Clever, although maybe too tricky. Better if start and step are
also unsigned, in which case a safe test is easily seen to be
start + step > start.
But: unsigned numbers in C have some dangers, which no one here has
mentioned. Some code presented comes CLOSE to being wrong, but gets
lucky. With "int" being 32-bits, C promotion rules around unsigned
ints, signed ints, and unsigned 64-bit can create trouble.
>
uint64_t dval; uint32_t uval; int a;
>
val32 = 1 dval = 1; a = 1;
dval = val32 - 2 + dval;
>
C will do (val32 - 2) first, with is (1U - 2) which is 0xffff_ffff, and
then add dval, and the result is 0x1_0000_0000.
Not really interesting. It's usually a mistake to mix different
types, whether or not the types have different signedness. Arithmetic
is one problem but assignment is another. Using the same type
throughout avoids surprises like this one.
Signed numbers don't have this risk, so if you're doing known small loops,
you can just use ints. If you're doing possibly large loops, just use
int64_t.
I consider this bad advice. Loops are doing something with the loop
variable, and its type should be chosen according to how it is used.
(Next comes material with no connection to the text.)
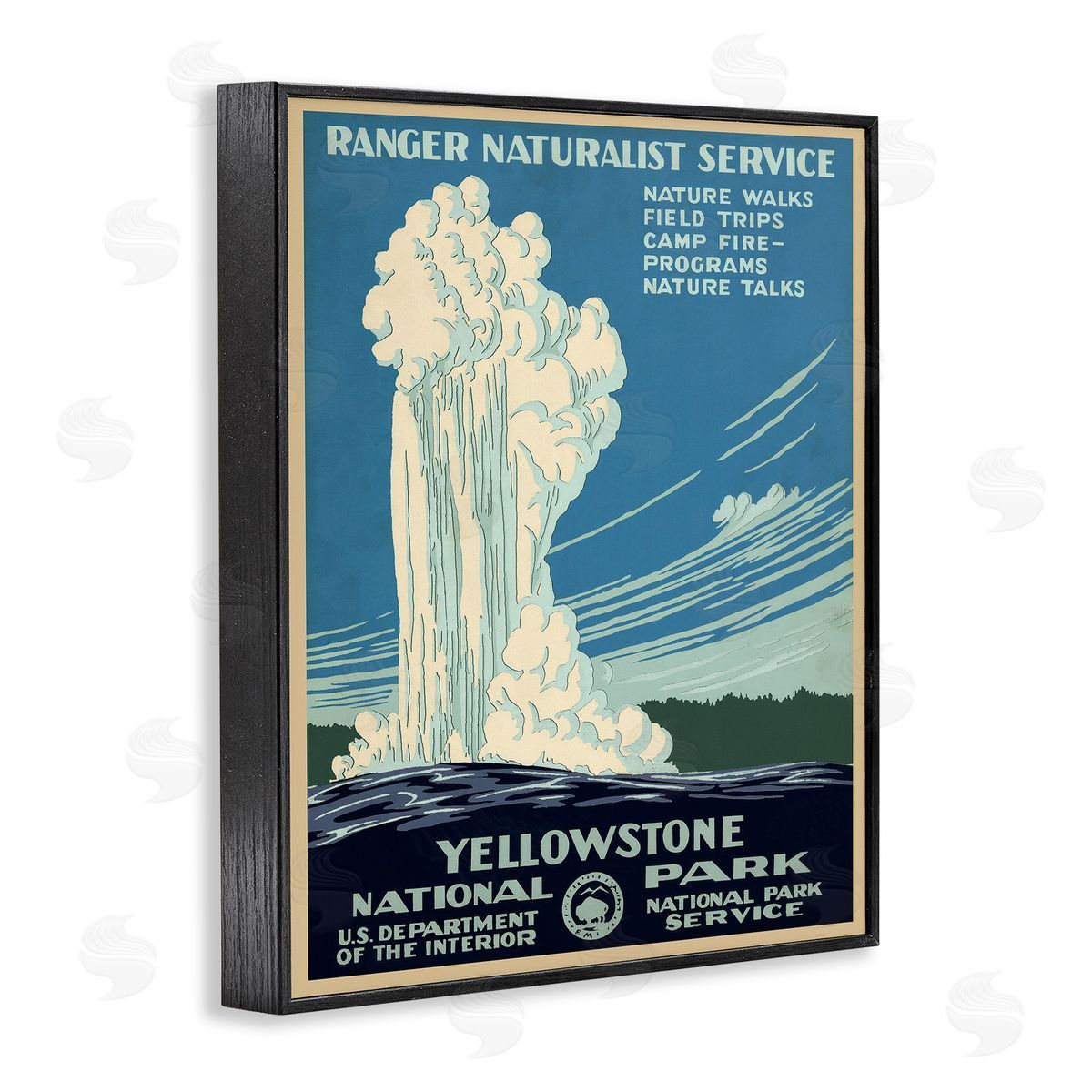 Vintage Yellowstone Poster Black Frame Print Wall Art, Home Decor by C. Don (Chester) Powell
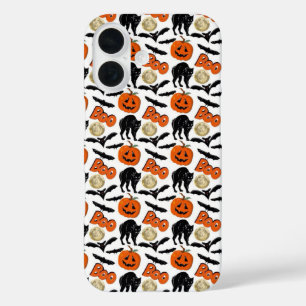 Halloween Bootboote Katzenkürbis und Mond Zeichnen iPhone 16 Hülle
If the loop variable represents an index, or a length, or count, it
should be unsigned (or unsigned long, etc). If the loop variable
represents degrees C or F, or some other naturally signed measure it
should be signed (or maybe floating point). What kind of loop it
is, whether ascending or descending, or what the increment is, etc,
is secondary; a more important factor is what sort of value is
being represented, and in almost all cases that is what should
determine the type used.
Bringing it back to "architecture" Like Anton Ertl has said, LP64 for
C/C++ is a mistake. It should always have been ILP64, and this nonsense
would go away. Any new architecture should make C ILP64 (looking at you
RISC-V, missing yet another opportunity to not make the same mistakes as
everyone else).
I believe this view is shortsighted. The big mistake is developers
hardcoding types everywhere - especially int, but also long, and
their unsigned variants. It's almost never a good idea to hardcode
a specific width (eg, uint32_t) in a type name used for parameters
or local variables, but that is by far a very common practice.
Names of types should reflect how the variable is meant to be used,
not the specifics of what sort of register it goes into. The more
firmly we cement our programs to specific hardware choices, the
greater the pain when those choices need to change, either due to
time or moving to a different platform. The key is to keep things
light and flexible, not encrusted onto fixed hardware choices like
barnacles on the hull of a ship.